The gift of friends in faith

By  Maria Montemayor, Youth Speak News
  • January 22, 2016

With the start of a new year, what has become increasingly evident to me is how fortunate I am to have strong, faith-filled female friends.

Growing up, I attended Catholic schools and was friends with whomever wanted to hang out with me. My friendships shifted and changed as much as I did. Even though I considered myself to be Catholic and I excelled academically, because my friendships changed so much over the years, at times I became insecure about who was actually a true friend.

During university, I started attracting different kinds of friends, friends from different religious backgrounds, friends who did not believe in God, and friends who shared my faith. It was at that time that I began to realize what friendship was really about.

With two of my atheist friends, something I failed to understand at the time was that I could not be their Catholic saviour. Both of the girls shared with me personal family issues and I was empathetic. But, at the same time, those friends wallowed in self-pity and were quick to put me down while raising themselves up.

I thought that I would be able to share my faith with them but, in reality, I could not even speak to them without receiving a negative response. I could not even voice my discontent. I was passive and too concerned about not hurting their feelings. At the same time, I felt trapped in our friendship.

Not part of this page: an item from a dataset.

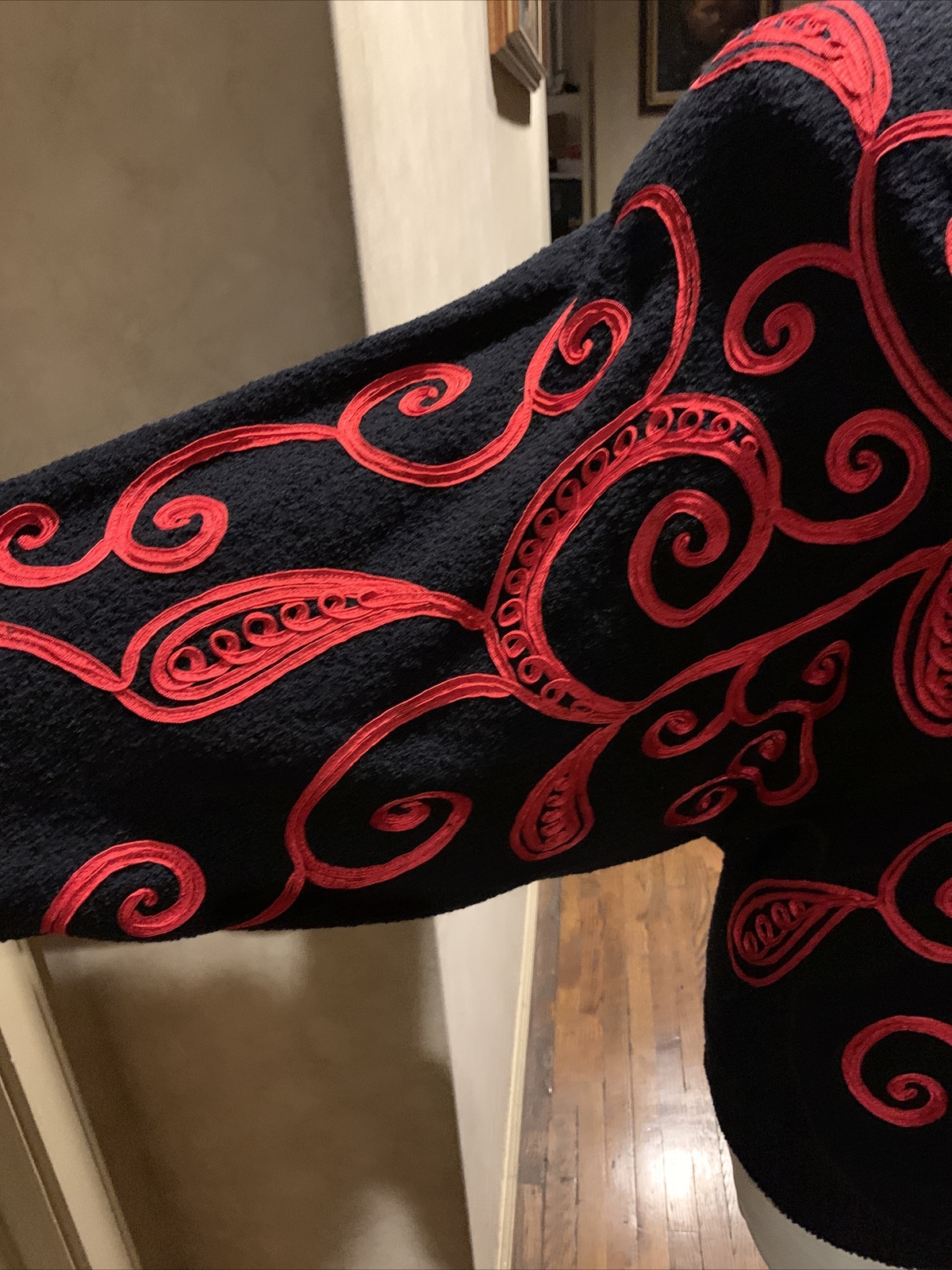 VINTAGE AMAZING DESIGN PETER LYNNE NEW YORK BLACK WOOL RED RIBBON SWEATER SZ.4/L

With my Catholic university friends, it was a completely different story. They were intelligent individuals who exuded joy wherever they went. They were supportive, ambitious and caring. I could talk to them about any contentious issue from abortion to euthanasia to marriage, and our views would be in alignment. They were involved in their parishes and they were deeply rooted in Catholicism. They also knew more about Catholicism than me and I really learned from them.

I could be myself around those friends. I did not have to spend my time defending my beliefs. I could laugh with them, pray with them, have deep conversations with them and empathize with them.

I know now how important it is for my well-being to surround myself with people who I can lift up and who can lift me up in return. The friends in my life inspire me to be a better person every day and I am so grateful to have them.

Although my friends and I are all on different faith journeys and have our own struggles, we all manage to share our joy in the Lord. After all of these years, I know who my true friends are and I would not trade them for the world.

(Montemayor, 23, graduated with a Bachelor of Arts degree in political science from the University of Toronto.)